I have built the same HX as Free75.With the Tarm Solo 40 I have been able to get the top of the tank to 170* with no problem.So far,one burn per day is all I need to meet my needs.I am sure it will be different once it really gets cold,but so far it has been working great!


----------



## Nofossil (Nov 5, 2008)

NHFarmer said:
			
		

> I have built the same HX as Free75.With the Tarm Solo 40 I have been able to get the top of the tank to 170* with no problem.So far,one burn per day is all I need to meet my needs.I am sure it will be different once it really gets cold,but so far it has been working great!

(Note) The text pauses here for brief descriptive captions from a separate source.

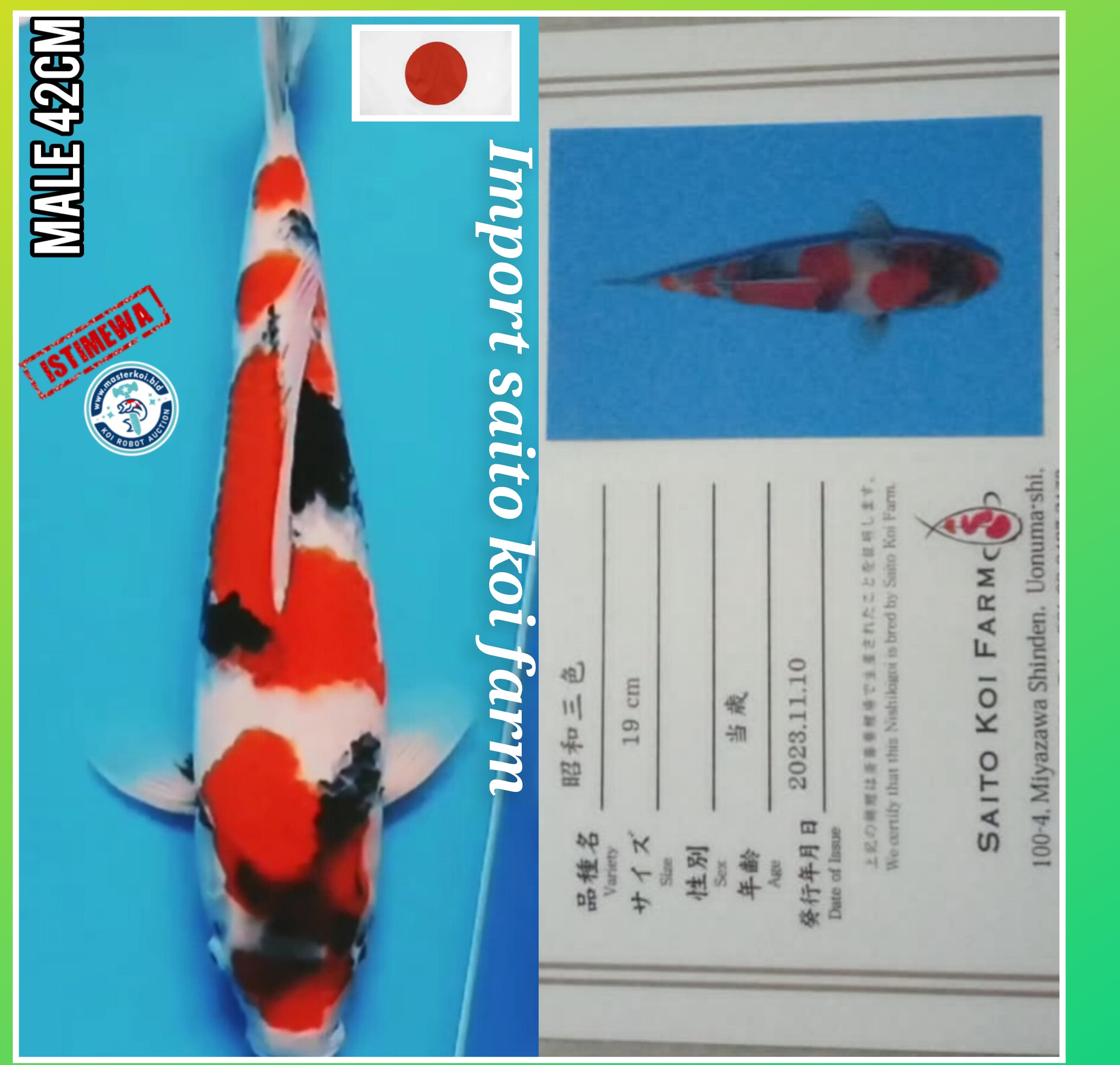IKAN IDAMAN PARA SULTAN IMPORT CERTIFIKAT SAITO KOI JAPAN SHOWA MALE JUMBO ISTIMEWA LOKASI IKAN DI MADIUN 42cm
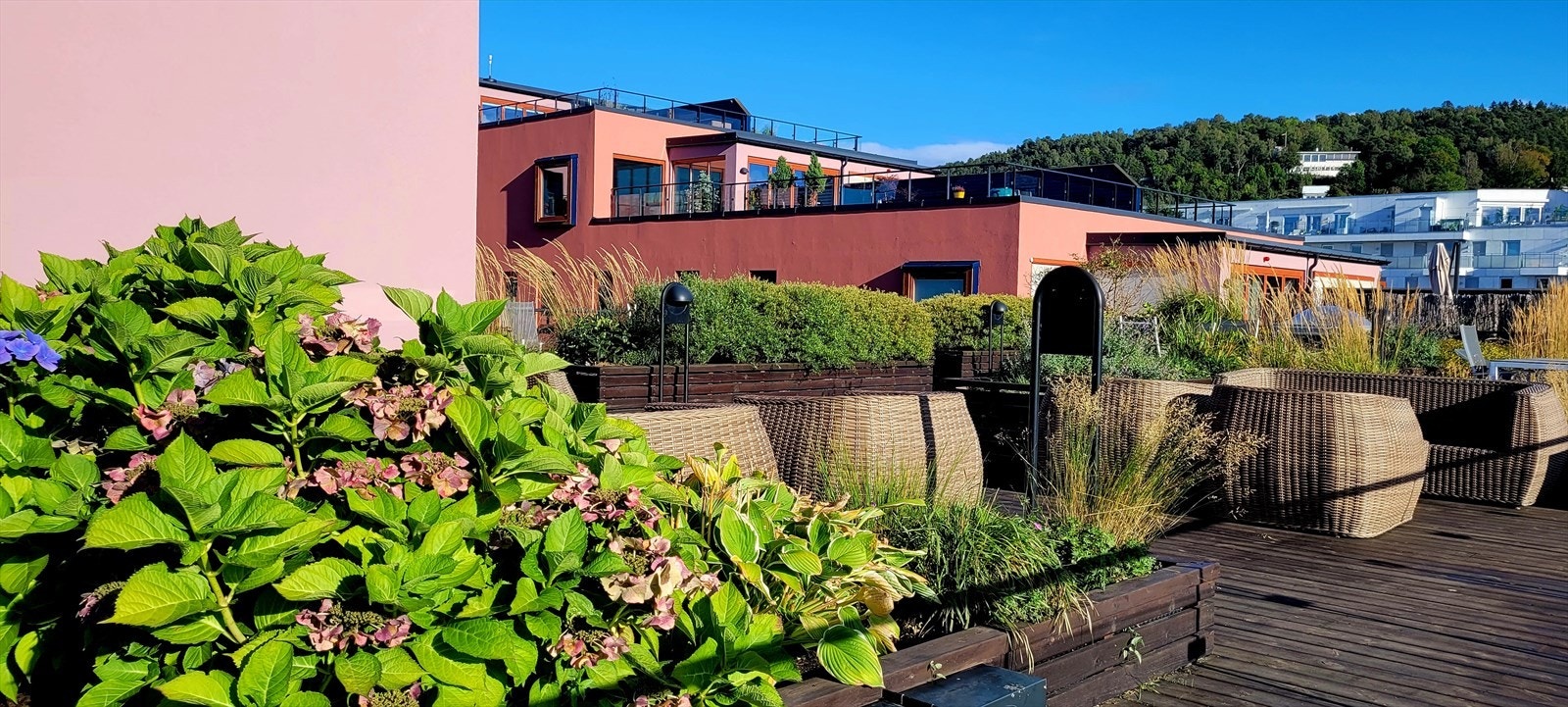 Selgers sommerbilde. Galleribilde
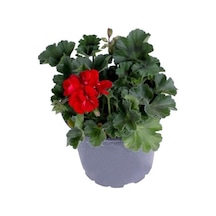 Sardunya Çiçeği Saksı'da Pelargonium Kırmızı Renk 10-20 Cm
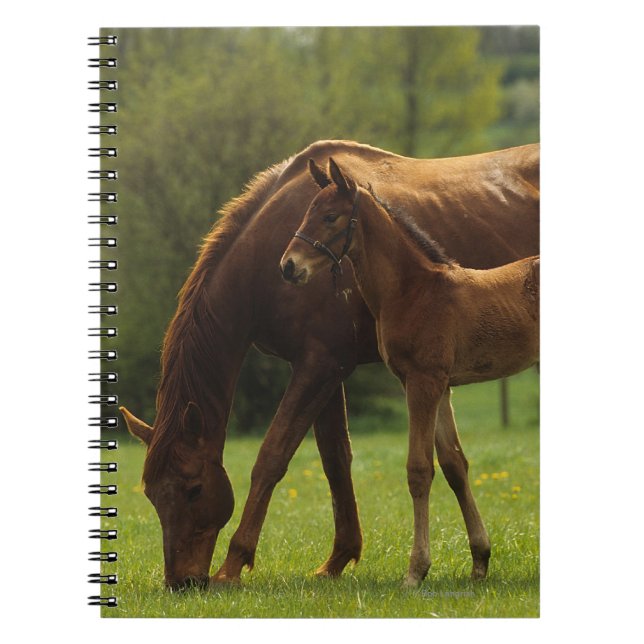 Thoroughbred Mare & Foal 2 Notebook (Front)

I only ever do one burn per day. On cold days, though, the burn could be 12 hours.


----------



## NHFarmer (Nov 5, 2008)

nofossil said:
			
		

> NHFarmer said:
> 
> 
> 
> ...


Boy would that be nice


----------



## free75degrees (Nov 6, 2008)

nofossil said:
			
		

> NHFarmer said:
> 
> 
> 
> ...


How many refills do you need to keep it going 12 hours?  I was a bit suprised at how quickly I go through 1 full load of wood - about 3 hours at full gasification.  Is this normal?  Should I be reducing my primary air?


----------



## NHFarmer (Nov 6, 2008)

Free75 I also go thru a full load in about 4 hours if I don't top it off half way into the burn.I do cut my wood 16"long and that does leave some empty space in the firebox.I was thinking that was why I had such short burn times


----------



## chuck172 (Nov 12, 2008)

Has anyone come up with another solution to prevent the wood boiler circulator from removing heat from storage as the fire dies down? I believe so far the only options are a timer, a differential control, manually turning up the aquastat.


----------



## pybyr (Nov 12, 2008)

chuck172 said:
			
		

> Has anyone come up with another solution to prevent the wood boiler circulator from removing heat from storage as the fire dies down? I believe so far the only options are a timer, a differential control, manually turning up the aquastat.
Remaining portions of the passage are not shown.